**THE DATA:**

• • • •

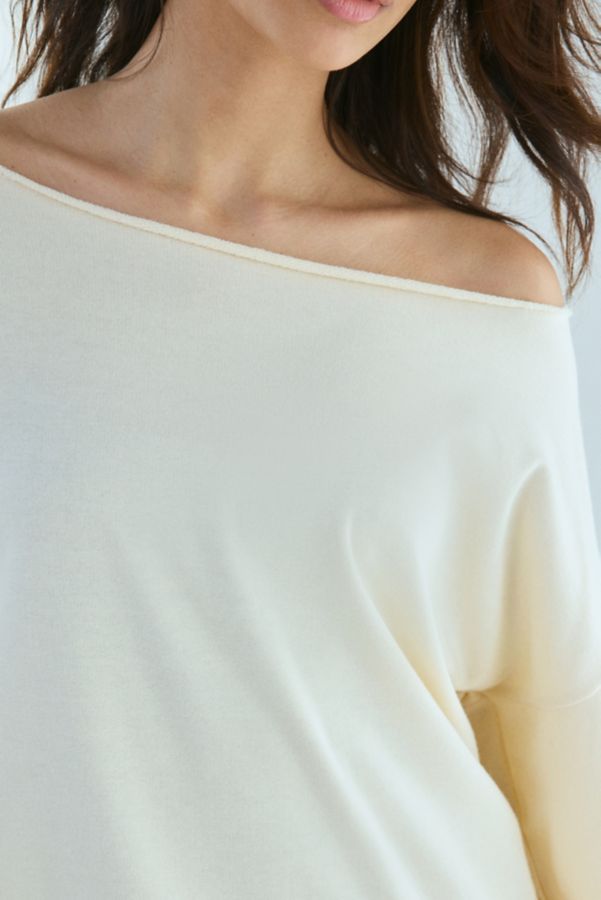 Slide View: 2: Out From Under Finley Oversized Off-The-Shoulder Pullover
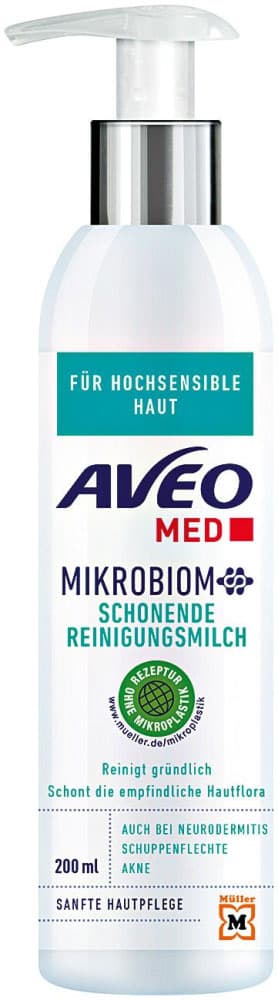 AVEO MED Mikrobiom schonende Reinigungsmilch
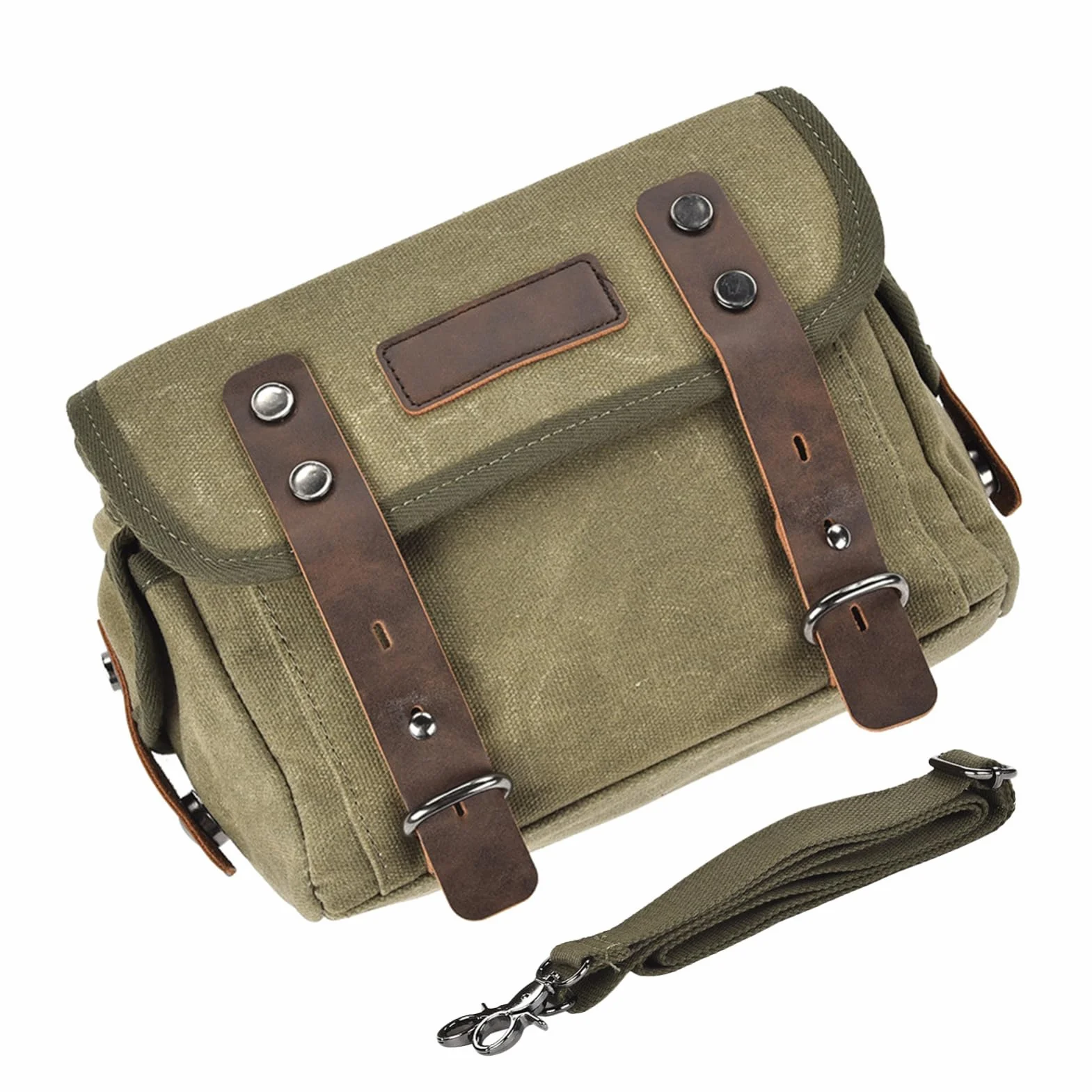 Borsa Da Sella Per Moto Impermeabile In Tela Cerata Resistente Con Fibbia In Metallo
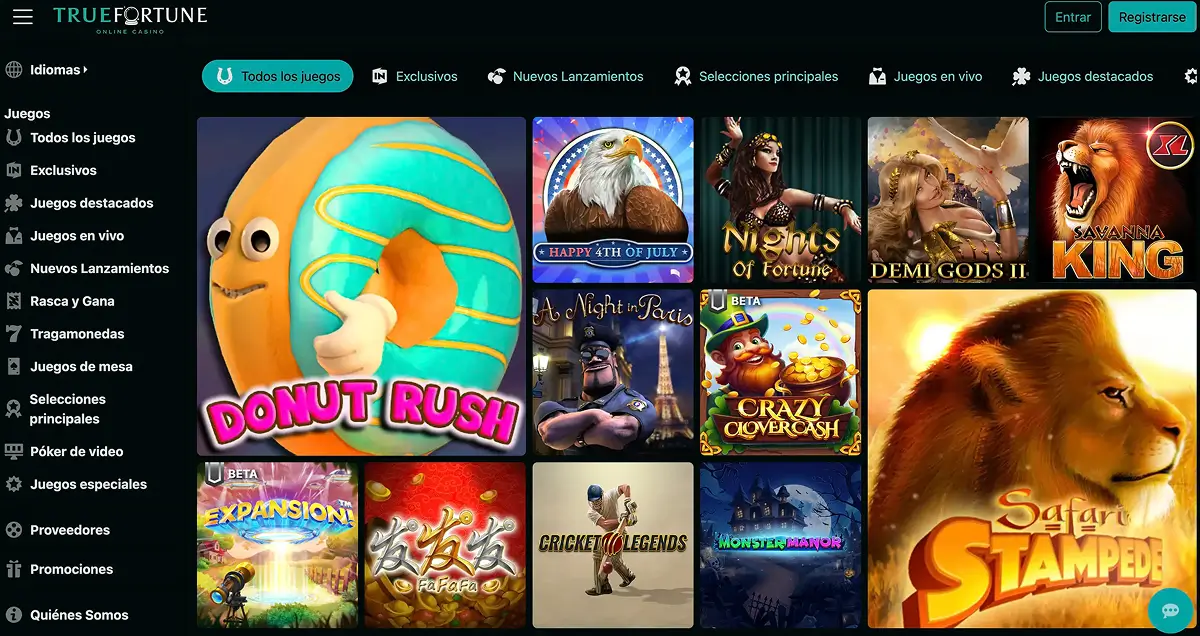 Presentación del casino True Fortune Casino True Fortune en España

• • • •

**WHAT TO DO:**
Please write out all of the material above without changing a word, and omit any pictures.

**RESULT OF THIS TASK:**
 Slide View: 2: Out From Under Finley Oversized Off-The-Shoulder Pullover
 AVEO MED Mikrobiom schonende Reinigungsmilch
 Borsa Da Sella Per Moto Impermeabile In Tela Cerata Resistente Con Fibbia In Metallo
 Presentación del casino True Fortune Casino True Fortune en España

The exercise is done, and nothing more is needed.